Vallée des Fleurs
"Je n'ai jamais fait un trek vers un endroit qui paraissait moins crédible en photo et qui, sur place, s'est révélé encore plus impressionnant."
Une prairie alpine classée à l'UNESCO dans l'Himalaya du Garhwal, qui explose chaque mousson en des centaines d'espèces de fleurs sauvages, accessible par un trek qui partage son point de départ avec des pèlerins sikhs en route vers Hemkund Sahib.
Le trek vers la Vallée des Fleurs commence à Govindghat, suit la gorge de la rivière Pushpawati jusqu’à Ghangaria — un petit avant-poste de tentes et de gîtes qui n’existe que pour servir les randonneurs et les pèlerins — et ce n’est que le deuxième jour, après une montée à travers forêt et éboulis, que la vallée elle-même s’ouvre. J’en avais lu des descriptions, vu les photos, et je n’étais toujours pas préparé à ce qui est réellement apparu : un large fond de vallée glaciaire tapissé, en juillet, d’un chaos chevauchant de bleus, de violets, de jaunes et de rouges — des pavots bleus, des asters de l’Himalaya, des potentilles, des orchidées et des lys cobra parmi les quelque 300 à 500 espèces que les botanistes ont recensées ici, le tout compressé dans une vallée à peine longue de dix kilomètres.

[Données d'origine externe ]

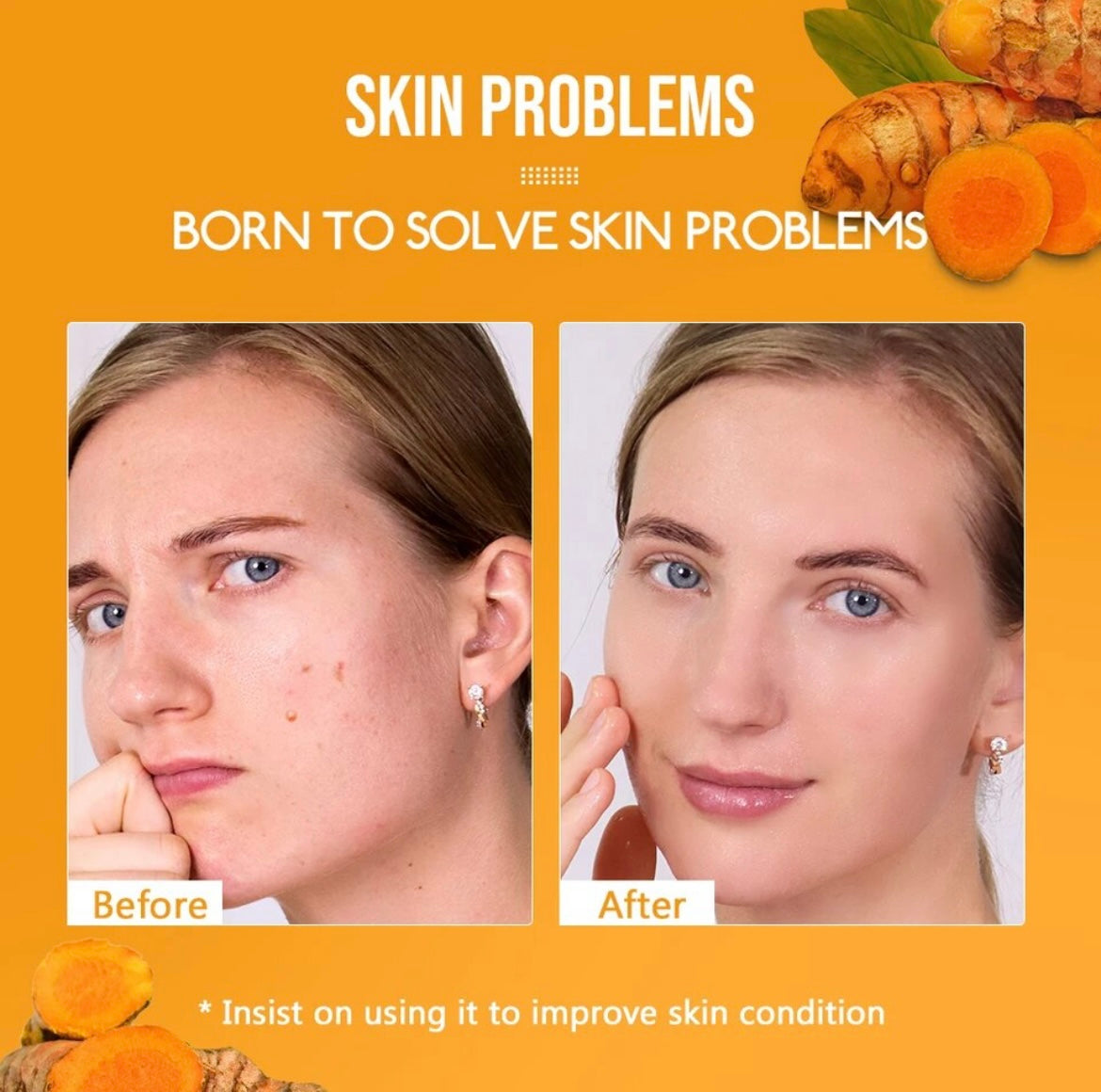 LIYAL’AN 8pcs Turmeric Skin Care Set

L’endroit était pratiquement inconnu en dehors des communautés locales de bergers jusqu’en 1931, quand l’alpiniste britannique Frank Smythe y est tombé par hasard en redescendant d’une expédition, et a été si frappé par ce qu’il a vu qu’il en a écrit tout un livre, The Valley of Flowers, qui l’a placée sur la carte internationale. Debout au milieu de la prairie, les chaussures trempées d’avoir traversé des ruisseaux de fonte, avec la Pushpawati grondant quelque part en contrebas et des sommets glaciaires comme le Nilgiri Parbat encadrant le fond de la vallée, j’ai parfaitement compris pourquoi un alpiniste himalayen endurci s’était senti obligé d’écrire un livre sur une prairie plutôt que sur un sommet.

Un sentier partagé avec des pèlerins, pas des touristes
Ce qui m’a frappé presque autant que les fleurs, c’est la compagnie sur le sentier. Le même chemin vers Ghangaria est la route principale vers Hemkund Sahib, un gurdwara sikh à plus de 4 300 mètres au bord d’un lac glaciaire, construit à l’endroit où les sikhs croient que le dixième Guru, Gobind Singh, a médité dans une vie antérieure. Des milliers de pèlerins sikhs, y compris des fidèles âgés et de jeunes enfants portés par des proches, font cette même montée raide chaque saison, beaucoup en simples sandales, avançant avec une dévotion régulière et sans hâte qui a mis mes bâtons de randonnée et mes couches de mérinos légèrement à la honte. J’ai marché au même pas qu’une famille du Pendjab pendant une heure de l’ascension, la grand-mère chantant tranquillement tout du long, et quand nous nous sommes séparés à l’embranchement vers Hemkund tandis que je continuais vers la vallée, elle m’a béni pour le reste de ma marche aussi simplement que si nous nous connaissions depuis des années.
La vallée n’est accessible que sur une fenêtre étroite chaque année, et même alors uniquement sur permis et à pied — aucune route n’y mène, rien n’est construit à l’intérieur des limites du parc hormis quelques huttes forestières de repos, et les gardes ferment les portes dès que la mousson se dissipe et que les fleurs retournent à l’état de toundra dormante pour dix mois encore.

Quand y aller : de mi-juillet à mi-août pour la floraison maximale, en plein cœur de la mousson, donc attendez-vous à de la pluie, des sangsues et des sentiers glissants comme prix à payer pour les fleurs. Le parc n’est ouvert que de juin à octobre, et fermé complètement en dehors de cette période.